HP cancels worldwide developer show

Hewlett-Packard Co. has pulled the plug on its worldwide developer conference scheduled to take place in Las Vegas at the end of this month.

The company decided to postpone its Invent 2002 conference after it began to hear from customers that they couldn’t afford to attend because of the tough economic times, according to information at the conference’s Web site.

Delaying the four-day conference also gives HP more time before it has to update customers on future product plans in light of its planned merger with Compaq Computer Corp. The company has said it will kill off some overlapping products if the merger goes ahead, but it hasn’t said yet which ones will get the axe.

“While they found the content compelling, in light of current market and business conditions, many (customers) tell us it is difficult to commit the people and financial resources they would like to attend remotely located multi-day events,” the company said at the Invent 2002 Web site.

“The postponement of this event will enable us to provide better details on merged HP and Compaq technologies,” HP continued.

The event had been due to kick off May 28 at the Las Vegas Hilton. While HP said it had postponed the conference, it didn’t provide a new start date. Instead, it said it would “modify the format” of the conference to offer “Web-based and regional events,” including Webcasts of planned seminars. HP officials weren’t immediately available to offer further comment.

It also wasn’t clear when the decision to cancel had been made. Registration had been priced at US$995, or $1,095 on-site.

HP had planned to use the conference to bring thousands of developers as well as industry partners up to speed on its latest products and technologies. More than 50 breakout sessions had been planned addressing emerging areas like mobile applications, wireless devices and Web services.

One of the concerns raised about HP’s planned acquisition of Compaq has been that the deal would distract HP from its business, noted Dwight Davis, an analyst at Boston-based Summit Stategies Inc. The company has continued to launch new products since the merger was announced, but putting off its developer conference isn’t good news, he said.

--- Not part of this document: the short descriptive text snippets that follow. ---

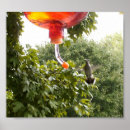 Suche nach hummingbird poster Drucken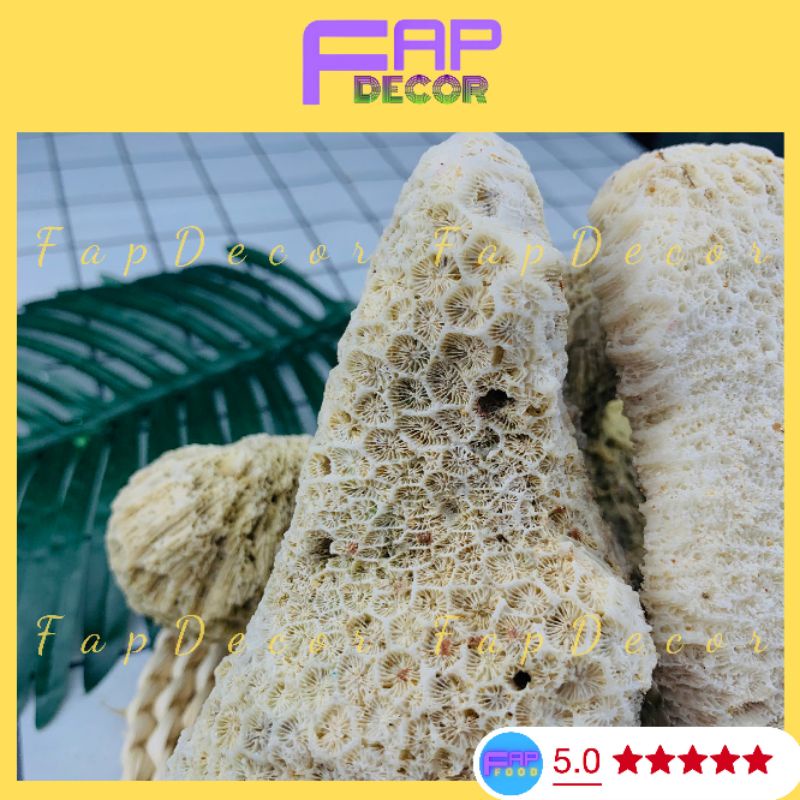 Đá Làm Hòn Non Bộ, Đá Ông Thủy Sinh, Đá Vôi Cứng Họa Tiết Lỗ Làm Hòn Non Bộ, Thủy Sinh Decor Nhà Cửa - FapFood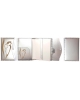 Gift sets Woodpecker GS79wp1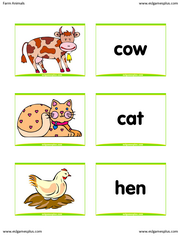 Ultimate Animal Flashcard Collection 104 Zoo Animals Flashcards Word Pic Flash 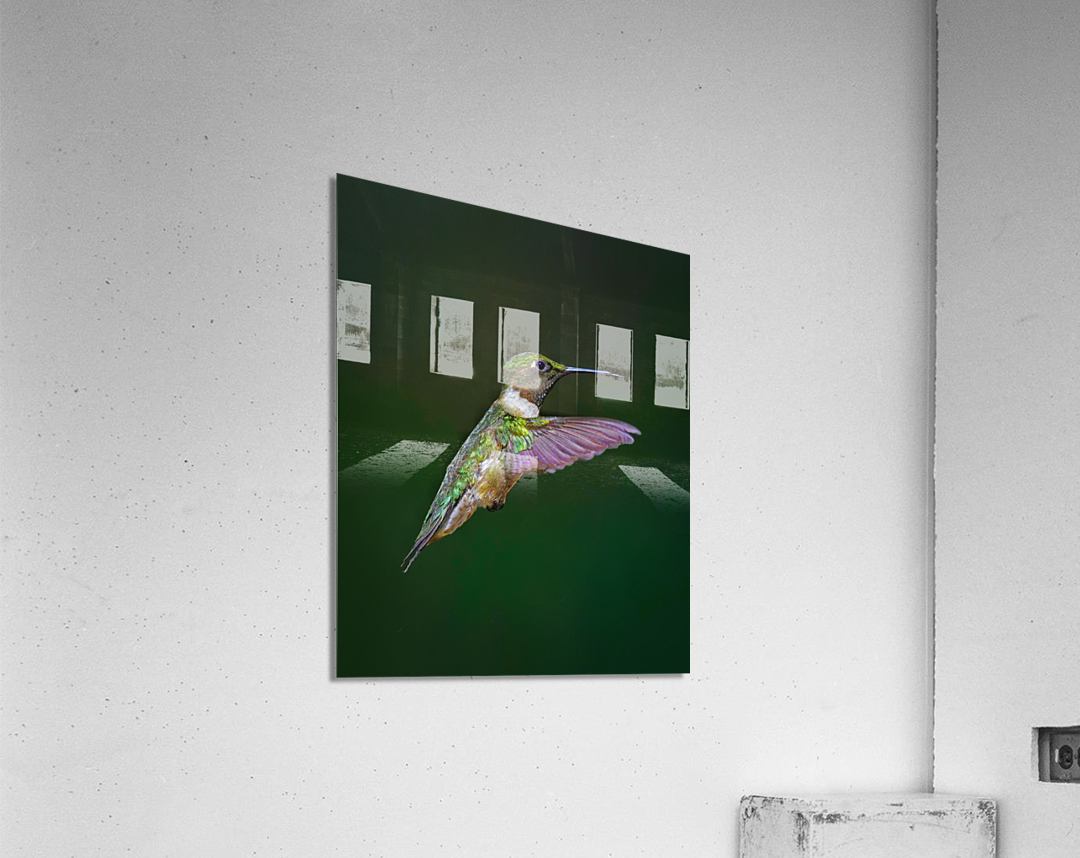 Ruby-throated hummingbird Acrylic Print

“To the degree that it has to be heads-down and working on the particulars of the merger, it does run the risk of losing the close connection with its customer base,” he said.

The company had been pitching the event as one that developers couldn’t afford to miss.

“If you’re a developer and want to do your job more effectively, maintain a competitive edge, help catapult your company’s solutions forward, or just stop eating so darn much cold pizza – then you need be at this conference,” the company said in marketing materials for the event.